It has been well known, for at least the best part of a century, that while, prior to colonisation, the members of Indigenous cultures may readily recount their beliefs they seldom find a place to stand outside them. Their institutional framework does not include more abstracted social combinations of scholars, or disciplines like anthropology, which are ‘lifted out’, as it were, from the society with which they are integral. Eighty years ago, when speaking of the Melanesian cultures, Marcel Mauss noted ‘an incapacity to abstract and analyse concepts’. This way of putting the issue would be controversial now but what Mauss was getting at in the circumstances to which he was referring was that a self-conscious capacity to stand apart is often unnecessary. In effect a course of action is directed in ways that are profoundly taken for granted rather than consciously abstracted and evaluated. Mauss was not suggesting that these capacities could not immediately be taken on board. He presents evidence that they could. The basic point is that the rationality of the cultures he was representing is more directly embedded, or typically attached to more immediately apprehended environmental points. If it is more likely to operate in a taken-for-granted mode than is ours, that does not exclude recognition of the reality that when, at one level, a whole way of life becomes more abstracted, the way a course of action is governed may also be ‘taken for granted’.*
At least at the level of empirical observation, as Peter Sutton is likely to recognise, to be radically ‘lifted out’ of the limits of one’s familiar and routinised mode of life in our culture, one must enter into a sphere of social interchange which is separated, differentiated from that setting, while also being integral with it. Along with Noel Pearson, he stresses education and points to the way the boarding school was the abstracted setting which ‘lifted’ Pearson, the Dodsons and others out of the immediacy of an Indigenous setting (which was already far removed from classical Indigenous ways). Within a very different realm of social interchange, the foundations were laid for them becoming Indigenous intellectuals. In becoming such they were drawn into the social forms of the settler-colonial culture, including an exposure to the liberal consensus. In Sutton’s case especially one might anticipate that he was able to recognise that abstract forms of intellectual interchange provide the conditions of possibility for the emergence of any particular scheme of policy proposals. Those of which he speaks as the liberal consensus are one such outcome. If that scheme now calls for basic revision, the liberal consensus as such must be interrogated. Peter Sutton backs away from that profound challenge. He ends his book in mystical vein with the mainstream culture as the taken-for-granted context.
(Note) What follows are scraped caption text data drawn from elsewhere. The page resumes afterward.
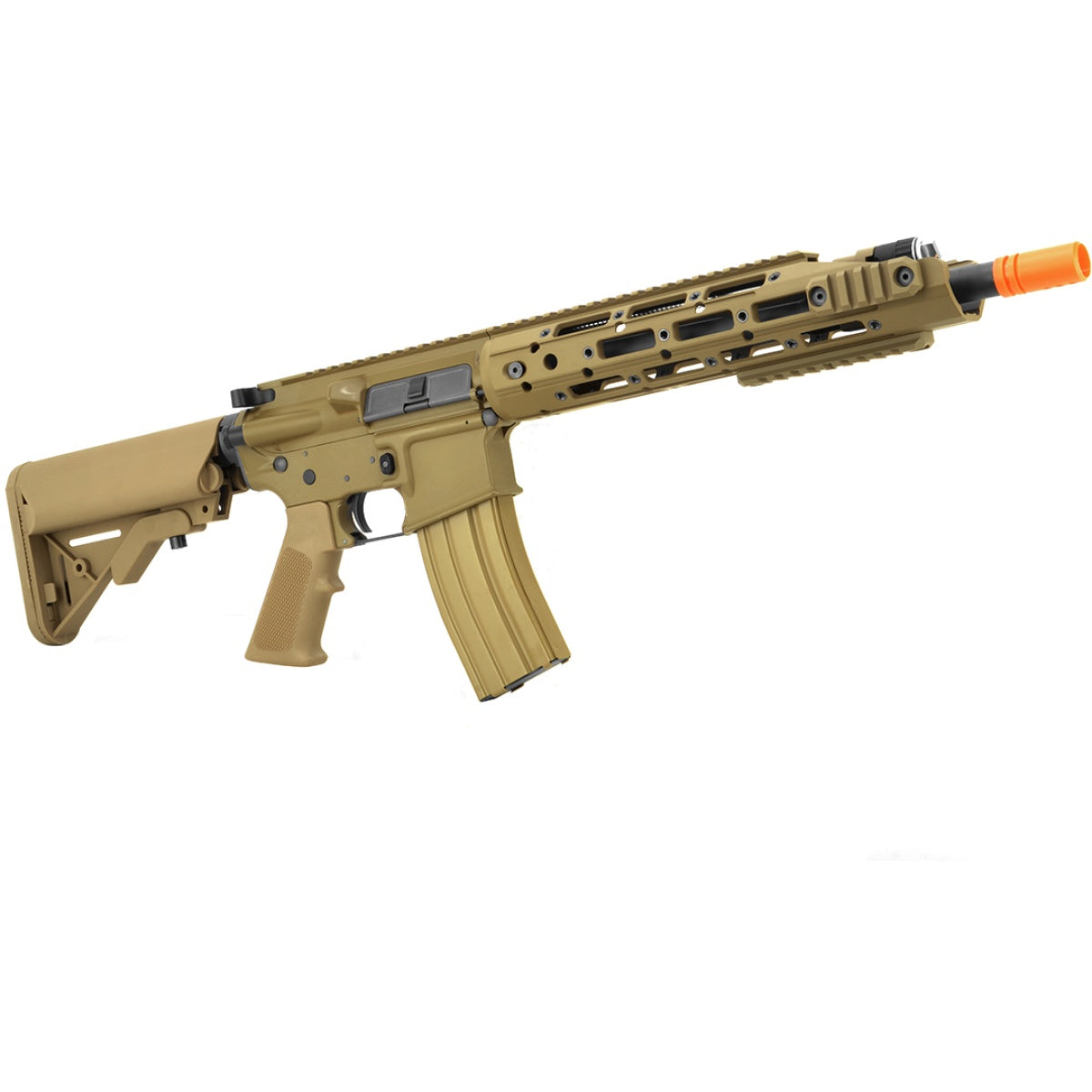 WE Tech Full Metal M4 Raptor Gas Blowback GBBR Airsoft Rifle - TAN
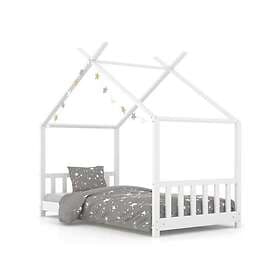 vidaXL Barnsäng vit massiv furu 70x140 cm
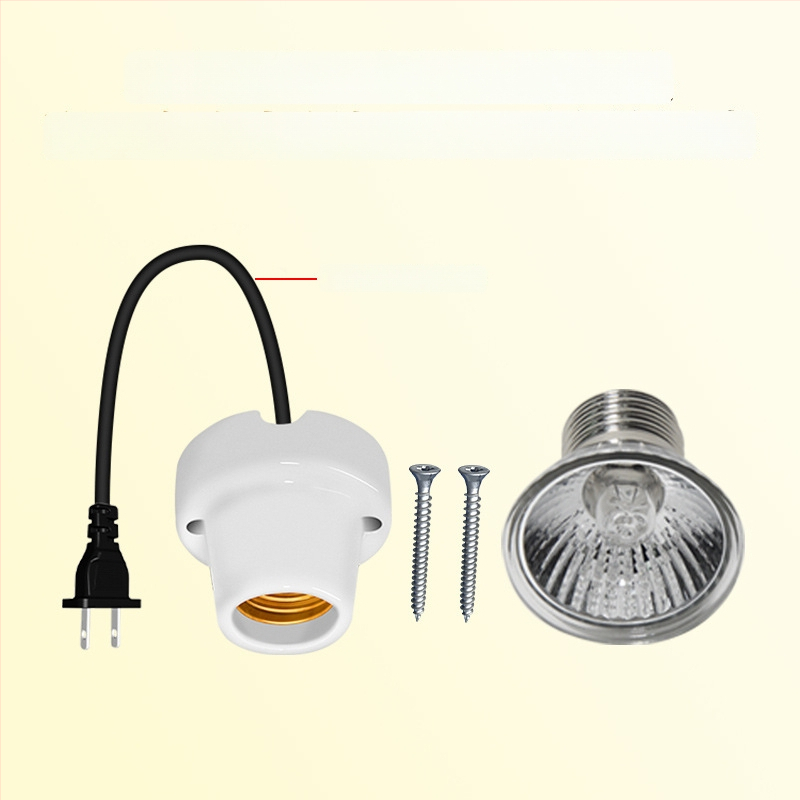 Λυχνία θέρμανσης κοτόπουλων με αυτόματο θερμοστάτη για σταθερή θερμοκρασία σε κουτί εκτροφής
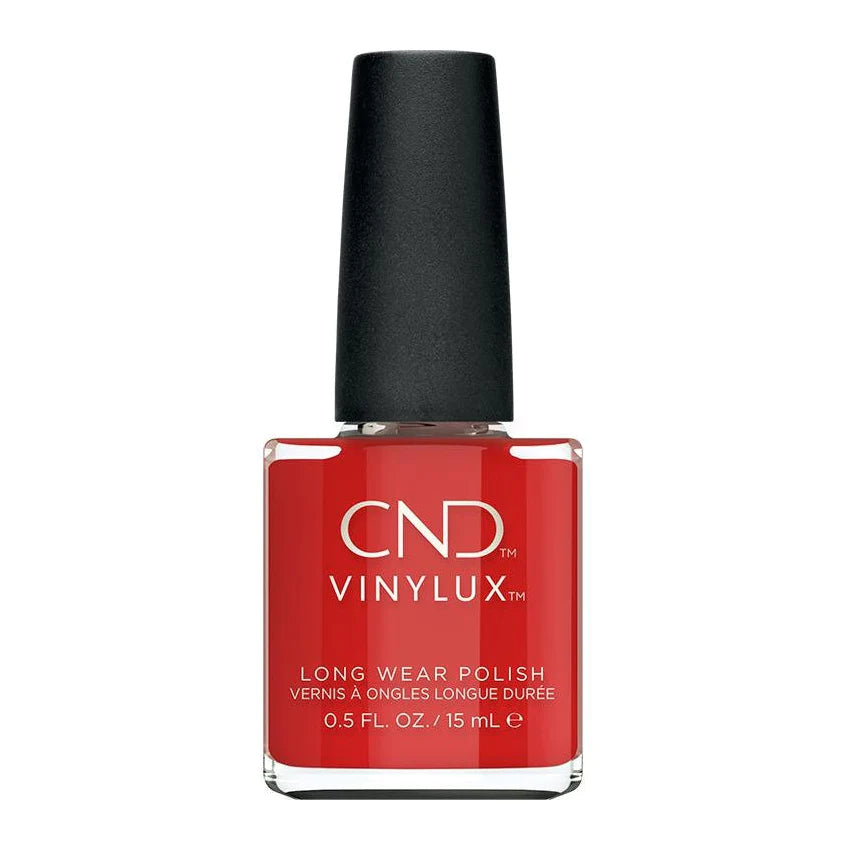 Quick-dry nail topper-CND VINYLUX - Devil Red #364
To speak of the more abstracted ideas of intellectuals as integral with their forms says nothing about actual insight into that conjunction. Even as an anthropologist, the person inducted into such abstracted schemes may be as little aware of their integral connection with a distinctive form of interchange as typically prevails within the pre-colonial Indigenous settings of reciprocal interchange to which I have briefly referred. Within the ways we constitute abstracted modes of interchange it is typically their scholarly expression that can promote that insight. The unfortunate feature of Sutton’s work is that he leaves aside the consideration of the various ways abstracted schemes of interchange may be related to the process of bridging between two cultures.
That bridging is typically fraught with the misunderstandings associated with different frames of integrity, as Inga Clendinnen so vividly portrays when she depicts the culture gap that led to the ‘just/unjust’ spearing of Governor Arthur in her Dancing with Strangers. Where distance between cultures is great and members of one are profoundly gripped by the certitudes of economic growth, they may readily conclude, with Noel Pearson, that ‘To secure Aboriginal economic development, it might be necessary for us to make far reaching concessions to the dominant culture’. Those concessions might include sending the children away to the boarding schools of the dominant culture, where English is first language, and distantly located jobs in big mining as the means of escape from the ravages of welfare dependency. As one might anticipate for Noel Pearson, all of that would stop far short of seeking a treaty as a framework for interchange between cultures.
What might be a different way? A first step would be to find a productive place to stand within the diverse forms of contemporary social interchange to look back upon the way the dominant values of the culture are integral with its dominant mode of social interchange. If there are structured possibilities for transformation inherent within the social forms through which the peoples of a culture carry on their lives, could a focus upon them lead to policy guidelines? That is, policies that do not lead either to Pearson’s apparently unintended consequence of de facto assimilation or to Sutton’s endorsement of personalised recruitment towards the same result.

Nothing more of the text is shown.